In hindsight this post probably should've come earlier in the series rather than being the last one. Better late than never though and you don't need this kind of knowledge to understand what's in the other posts.
In this final post I'm going to discuss the difference between rendering an opaque material and rendering a transparent one. Hopefully by the end you understand why transparent materials are more expensive than opaques to render and maybe some cheat ways that you can simulate the effect of transparency without the cost.
The render queue
In the BiRP there were five default render queue tags: Background, Geometry, Alpha Test, Transparent and Overlay. You could chose what Rendering Mode in the material drop down. In the SRPs it is a similar story but there are also rendering events that you can hook into and add your own custom Render Objects.
The rendering events also expose information depending upon if you're using deferred rendering or forward rendering. For example, if you're using deferred rendering it is possible to create a Render Object that happens before/after the GBuffer is created.
Opaque objects, by default, will write to the camera's depth buffer as they're drawn which is done to prevent overdraw in future passes, although it isn't fool proof. You can cause overdraw in the geometry queue if you have a complex mesh that has intersecting geometry (which is bad and whoever doing your 3D models should avoid). Even though skyboxes are opaque objects they are rendered towards the end of the pipeline because otherwise they would also incur overdraw.
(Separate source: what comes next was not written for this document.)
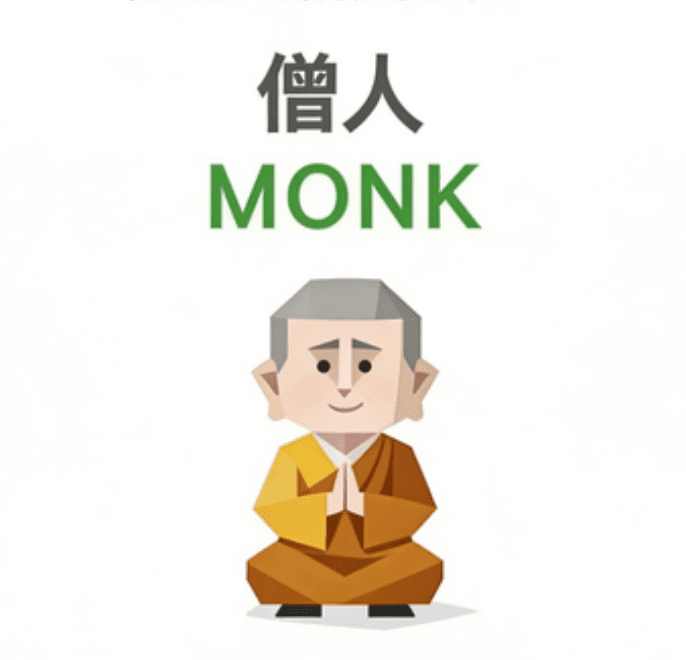 僧人（MONK）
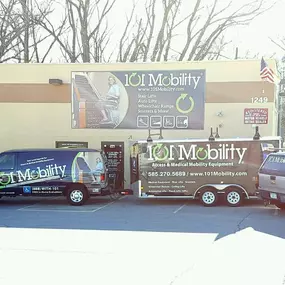 Bild von 101 Mobility of Rochester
It is possible to perform a depth pre-pass before opaques are rendered that will mean overdraw is mostly eliminated during the opaque pass. Any passes that require fragment shading thereafter will be able to compare the values in the depth buffer to determine which objects should be shaded and which should be skipped as they fail the z test. You can perform a depth pre-pass in both URP and HDRP but it is worth profiling and ensuring that your scene benefits from it.
Transparent objects do not write to the depth buffer (shadows wouldn't work properly if they did) so they need to be rendered back to front.
To understand why, it's easiest to think about how you would paint this scene with a brush and paint. If you want to paint a scene where you have two pieces of transparent glass in front of each other but the one furthest away from the camera has a dark tint. Starting by painting the closest window to you first will mean that when it comes to paint the tinted window it will appear as though it's on top of the one that is was supposed to be closest.
Fun fact: The Painter's Algorithm is a real thing, it is a classical rendering technique that was an alternative to Rasterisation back in the day but it's too inefficent for real time. Rather than drawing pixel by pixel (like Rasterisation), it draws polygon by polygon after sorting the whole scene back to front. The downside of this is you can end up overdrawing all over the place as even though you're sorting by depth you're drawing the entire polygon each time so will invariably end up overdrawing the pixels.
This back to front sorting is known as 'z-sorting' and is a fairly expensive operation that requires sorting all of the render nodes that are part of the transparent pass. Not only is this expensive but it means that batching is also less efficent!
Cheap transparency - Alpha Clipping
It is possible to render opaque objects that have holes in them. In a fragment shader the
clip(value) function will discard the current fragment from being drawn if the value in the parentheses is less than 0. This means you would be able to see whatever is behind it because you wouldn't be overwritting the color buffer at that pixel. It also wouldn't write those clipped fragments to the depth buffer either so the skybox can still render in the gaps.
This is where the Alpha Test queue comes in. If you're going to be rendering some opaques with holes in them then it is important to render them after the rest of the opaques have been drawn as opaques are not by default z-sorted and you might not be using a depth pre-pass. In building the custom renderer the code for alpha clipping looks like this.
#if defined(_CLIPPING) clip(base.a - _Cutoff); // Discards fragment if param <= 0 #endif
Here, if clipping is enabled then we clip the pixel if the alpha value of the fragment is less than the cutoff which is defined in the shaders properties. As clipping is either discarding a fragment or not discarding it you can only render either the full color or nothing. If you need a translucent or fade effect then you must use render as part of the transparent pass.
Thanks for reading these posts. I've found it harder than I expected to write them but it feels like a good investment of time and it's really solidfied the things I've learnt as I'm absolutely terrified of saying something here that ends up being wrong! Even though this is (I think) the shortest post, it took ages because I spent half a day trying to figure out how the render queue in SRP worked which involved talking to the people who make the render pipeline 😅. If you've read any of this and found it particularly helpful then please let me know and it will motivate me to do more, or don't and I might end up doing it anyway!